Prudence’s mind urged her toward Bea, but her body wouldn’t move.

All she could do, at least for the moment, was stare.

Bea screamed as though she couldn’t see Marigold and Puck: Puck as still as a dead man, Mari caught in convulsions.

Blood dripped from their ears, curled down their faces.

All the while, Bea screamed as if it had been bottled inside her since the beginning of time.

Stop her! Florence wasn’t speaking. Prudence heard her voice inside her head, clearer than her own thoughts. Or she’ll kill your friends! Grab her and hold her tight!

How? Prudence tried to thread it into her tune, uncertain of how the telepathy worked. All she knew was that the wall of sound around Bea felt impenetrable. She wouldn’t be able to make it to her, let alone touch her.

Show her she’s safe!
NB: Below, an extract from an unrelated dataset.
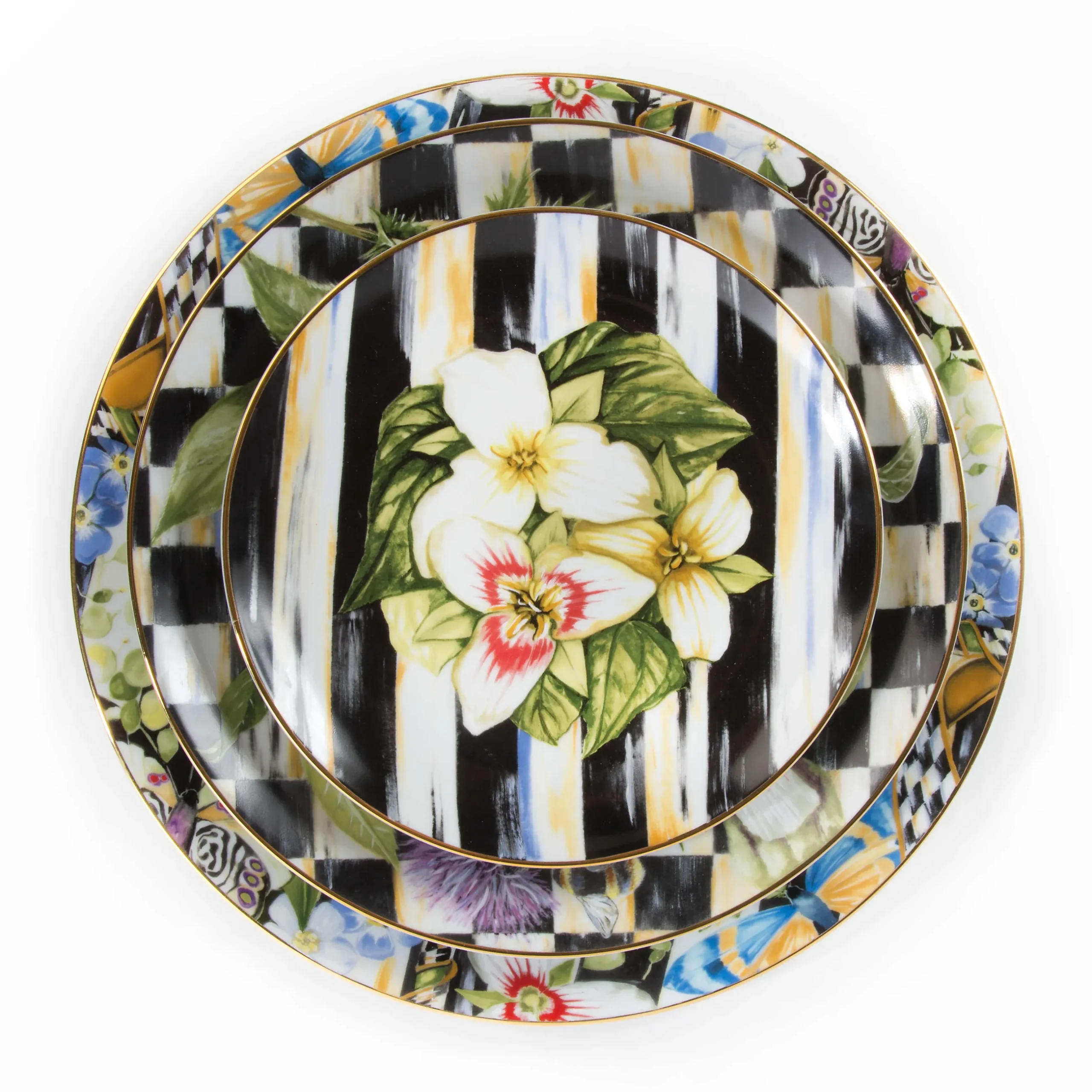 Hot MacKenzie-Childs Thistle & Bee Salad Plate - Trillium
Nothing here will harm her; she has to know that!

Is that true?

I didn’t understand! I didn’t give him time to explain! Florence pinched her eyes shut. Please. We’re running out of time!

Prudence listened with her whole being, trying to distinguish her own tune from Bea’s shriek and Florence’s magic. But it was all one tangled mess, a cacophony she couldn’t separate.

Beside her, Florence took her hand. I’m with you.

The vibration of Florence’s tune rippled along the periphery of Prudence’s bones. She latched on to it as best she could, imagined braiding the amethyst threads of her own magic with Florence’s power, which she envisioned as a sort of arctic blue.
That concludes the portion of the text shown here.